Trump to pick from one of these designs for border wall with Mexico

Prototypes for US President Donald Trump's border wall with Mexico are seen behind the current border fence.
Prototypes for US President Donald Trump's border wall with Mexico are seen behind the current border fence. PHOTO: REUTERS

SAN DIEGO - The US Customs and Border Protection has released pictures showing the construction of several prototypes for the controversial US-Mexico border wall in San Diego County.

Eight nine-metre tall prototypes, four made of concrete and four of other materials, will be erected.

Media reports said that work on the prototypes started one week ago and all eight mock-ups will be completed in a month.
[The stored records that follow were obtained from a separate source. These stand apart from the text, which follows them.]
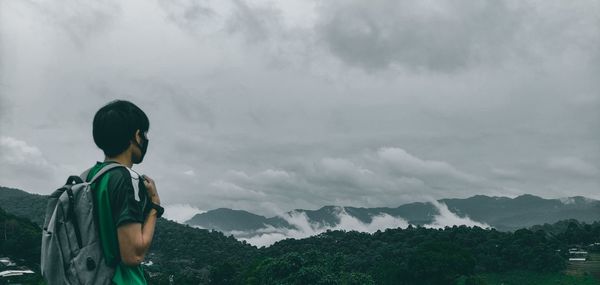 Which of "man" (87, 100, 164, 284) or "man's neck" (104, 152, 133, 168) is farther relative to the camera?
"man's neck" (104, 152, 133, 168)

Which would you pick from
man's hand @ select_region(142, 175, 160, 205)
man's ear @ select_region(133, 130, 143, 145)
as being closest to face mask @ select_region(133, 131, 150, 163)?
man's ear @ select_region(133, 130, 143, 145)

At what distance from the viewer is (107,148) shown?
4316 mm

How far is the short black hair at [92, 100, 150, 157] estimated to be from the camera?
14.0 ft

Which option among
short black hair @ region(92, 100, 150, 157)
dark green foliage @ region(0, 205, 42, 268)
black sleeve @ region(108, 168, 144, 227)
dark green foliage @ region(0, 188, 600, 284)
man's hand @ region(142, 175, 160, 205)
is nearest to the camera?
black sleeve @ region(108, 168, 144, 227)

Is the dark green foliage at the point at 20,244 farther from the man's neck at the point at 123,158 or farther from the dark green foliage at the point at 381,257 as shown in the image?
the man's neck at the point at 123,158

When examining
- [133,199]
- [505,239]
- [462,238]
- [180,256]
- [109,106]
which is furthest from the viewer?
[180,256]

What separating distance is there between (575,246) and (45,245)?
442 feet

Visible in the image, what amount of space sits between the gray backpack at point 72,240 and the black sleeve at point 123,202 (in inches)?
6.5

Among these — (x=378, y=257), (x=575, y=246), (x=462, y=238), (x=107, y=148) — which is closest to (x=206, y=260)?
(x=378, y=257)

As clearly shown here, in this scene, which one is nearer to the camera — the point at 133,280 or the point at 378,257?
the point at 133,280

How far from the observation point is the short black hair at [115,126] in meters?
4.27

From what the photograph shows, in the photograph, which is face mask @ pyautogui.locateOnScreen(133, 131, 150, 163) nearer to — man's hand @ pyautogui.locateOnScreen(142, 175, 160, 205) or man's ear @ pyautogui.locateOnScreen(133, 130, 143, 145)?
man's ear @ pyautogui.locateOnScreen(133, 130, 143, 145)

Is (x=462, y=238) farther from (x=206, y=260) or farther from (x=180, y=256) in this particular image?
(x=180, y=256)

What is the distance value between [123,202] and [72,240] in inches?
18.6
Following the completion of the prototype, each model will undergo testing to measure resistance to tampering and penetration.

President Donald Trump says he will pick the winning design in a month even though no funding has been approved by Congress yet for a border wall which he first proposed on his campaign trail to stop illegal crossing.

During his 2016 presidential campaign, Mr Trump promised an entirely concrete wall modelled on those in Israel.

 

During a Senate hearing in April, then Secretary of Homeland Security John Kelly said it is "unlikely that we will build a wall or physical barrier from sea to shining sea" like Trump suggested during his campaign.

Kelly said he believed significant sections of the border would consist of only electronic monitoring.

The mock-ups are being built near the Otay Mesa Port of Entry in San Diego by several companies that pitched designs to the Department of Homeland Security (DHS) in March.

The prototypes "are taking form or are near completion," CBP's San Diego branch tweeted.

An analysis by DHS in February revealed by Reuters found Trump's border wall proposal could cost as much as US$21.6 billion to build.

During the election campaign Trump promised voters the wall would cost roughly US$12 billion, but he originally said Mexico would pay for it.

Mexico's president Enrique Peña Nieto has repeated that Mexico would not put a single peso towards the US president's signature project.